Based off the true events from January 2009, Sully follows the frightening and dramatic events of an airliner forced to land on the Hudson River in America, and the following investigation of its pilot Chesley Sullenberger.

Directed by Clint Eastwood, Sully is a very honest and very well constructed movie, packed with some incredibly down-to-Earth and realistic performances from everyone involved. When everything is concluded, the story is reasonably simple and maybe that is a minus for some people; why turn this into a film (asides Oscar baiting)? But Sully is probably a great example of screenplay writing and adaptation.
You could have written a very linear screenplay: start, middle, end, with events rolling along as they happen and with the audience’s perspective purely with our plane’s captain. A movie like Flight, does this. However, Sully begins at a very tactful moment just after the event; with Sullenberger confident that he did is job (as traumatic as it was) and the people of New York praising him as a hero. Top of the world, despite circumstances.
But the film takes us through the difficulties that followed for him. Doubt. Officials start saying he could have saved the entire plane, that his forty plus years of experience hadn’t paid off, that crashing the plane was not just avoidable but also due to his incompetence.
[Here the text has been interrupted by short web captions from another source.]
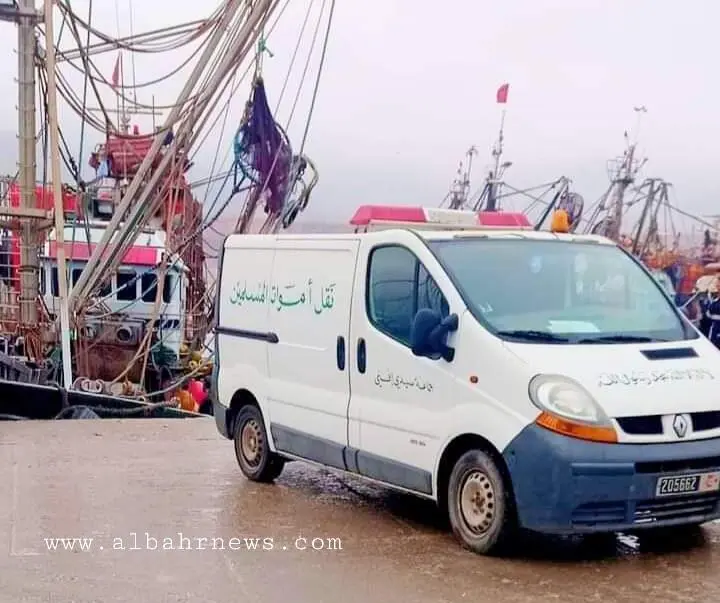 حادث يغرق بحارا شابا بسواحل سيدي إفني .. وسترة النجاة في صلب النقاش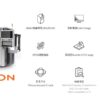 PARMI  Semiconductor  AXION - 画像 (2)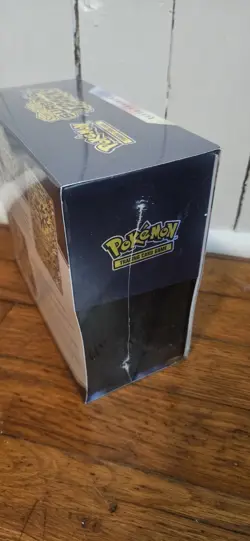 Pokemon TCG - Surging Sparks ETB Elite Trainer Box ** New Sealed ** - Image 5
The film does a great job of representing not only Sullenberger’s trauma but also a career man’s confidence and self-esteem be slowly, unfairly taxed and whittled away.

Tom Hanks plays our lead as Chesley Sullenberger as well as one expects from Hanks, and footage of the real man during the end credits really proves how exact Hanks portrayal was. It is hard for the actor to disappear into a role, as famous as he is, but there actually was a couple of times were he did. Aaron Eckhart plays the co-pilot Jeff Skiles very well here too (impressive mustache too!)
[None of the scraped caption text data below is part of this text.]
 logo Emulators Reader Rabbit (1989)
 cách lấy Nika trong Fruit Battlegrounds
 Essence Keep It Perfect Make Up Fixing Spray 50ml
It is one of those films that I really appreciate its honesty and its craftsmanship. It is a short film, just over ninety minutes, it doesn’t overplay any aspect of the events, it doesn’t Hollywood-ise anything or sledgehammer any values. It simply tells a series of traumatic events very well. It isn’t overly bleak either, with a couple of spots of kind, honest levity throughout.

It is probably one of Eastwood’s best directorial pieces in a while (probably due to everything I just stated in the previous paragraph!) or at least easily better than the disastrous American Sniper. If you enjoy dramas and have less than two hours to spend, Sully is a good choice; a story representing a truly modern tale of heroism.